3. Barrett argues that the trial court erred in permitting the state to introduce a videotape of the crime scene. He maintains that the audio portion of the videotape, which was narrated by the police officer who made the videotape, was prejudicial and misleading. However, we have not been provided with a transcript of the audio portion, with the videotape itself, or with any explanation of why the audio portion was prejudicial and misleading. As a result, we have nothing to review.
4. We have reviewed the remaining enumerations of error and hold that Barrett has presented no grounds entitling him to a new trial.
5. Because the felony murder charge stands vacated by operation of OCGA § 16-1-7, Barrett's conviction and sentence for felony murder must be vacated.

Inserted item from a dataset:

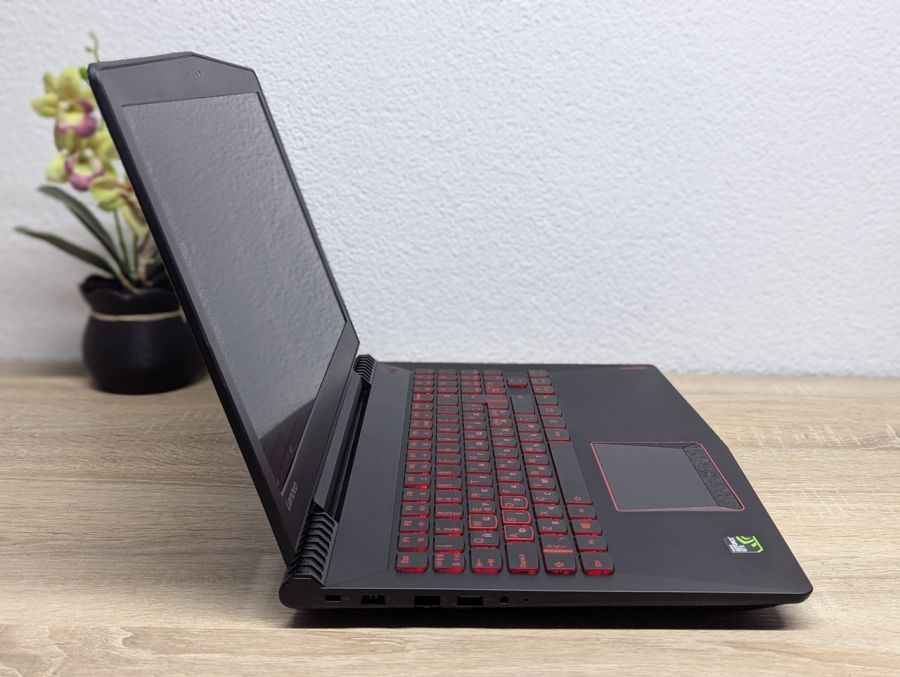 Ноутбук Б/В Lenovo Legion Y520-15IKBN, Intel Core i5-7300HQ, DDR4 16 GB, SSD 256GB, NVIDIA GeForce GTX 1060 3Gb, 15.6" Full HD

Judgment affirmed with direction.
All the Justices concur, except Hunt, P. J., Hunstein and Carley, JJ., who concur specially.
The incident giving rise to this case occurred on July 7, 1990. Appellant was indicted on November 30, 1990 and was tried beginning on February 11, 1991. Appellant was convicted and sentenced on February 14,1991. A motion for new trial was filed on March 7,1991 and was denied on August 8,1991. On August 13, 1992, an out of time appeal was granted in response to a habeas petition filed by appellant. On February 11,1993, the case was docketed in this court and, on March 26, 1993, was submitted for decision without oral argument.
Although the Uniform Superior Court Rules use the term "similar transactions or occurrences" that label is really too narrow for the type of evidence that may be admissible under this particular exception to the rule that character evidence is not admissible against the accused until the accused first puts his character in evidence. In fact, prior acts of the accused that are not similar to the charge for which the accused is being tried may be admissible under this exception where there is a sufficient connection between the prior act and the present charge. For example, if the accused had been identified as the individual seen breaking into and driving off in a very distinct antique automobile, although the theft of that automobile is in no way similar to a bank robbery, the theft of the antique automobile might be relevant to the bank robbery if the same antique automobile was used as the getaway car in the bank robbery. In those circumstances, there would be a probative connection between the two incidents whereby proof that the accused was seen breaking into and driving away in the antique automobile tends to establish that the accused is the individual who robbed the bank. From the above, it can be seen that the language of Uniform Superior Court Rule 31 should be clarified in order to more accurately reflect the character evidence exception that such rule embodies.
Anything to the contrary in Div. 1 of Rainwater v. State, 256 Ga. 271 (347 SE2d 586) (1986) or in Div. 2 of Towns v. State, 260 Ga. 423 (396 SE2d 215) (1990) is overruled.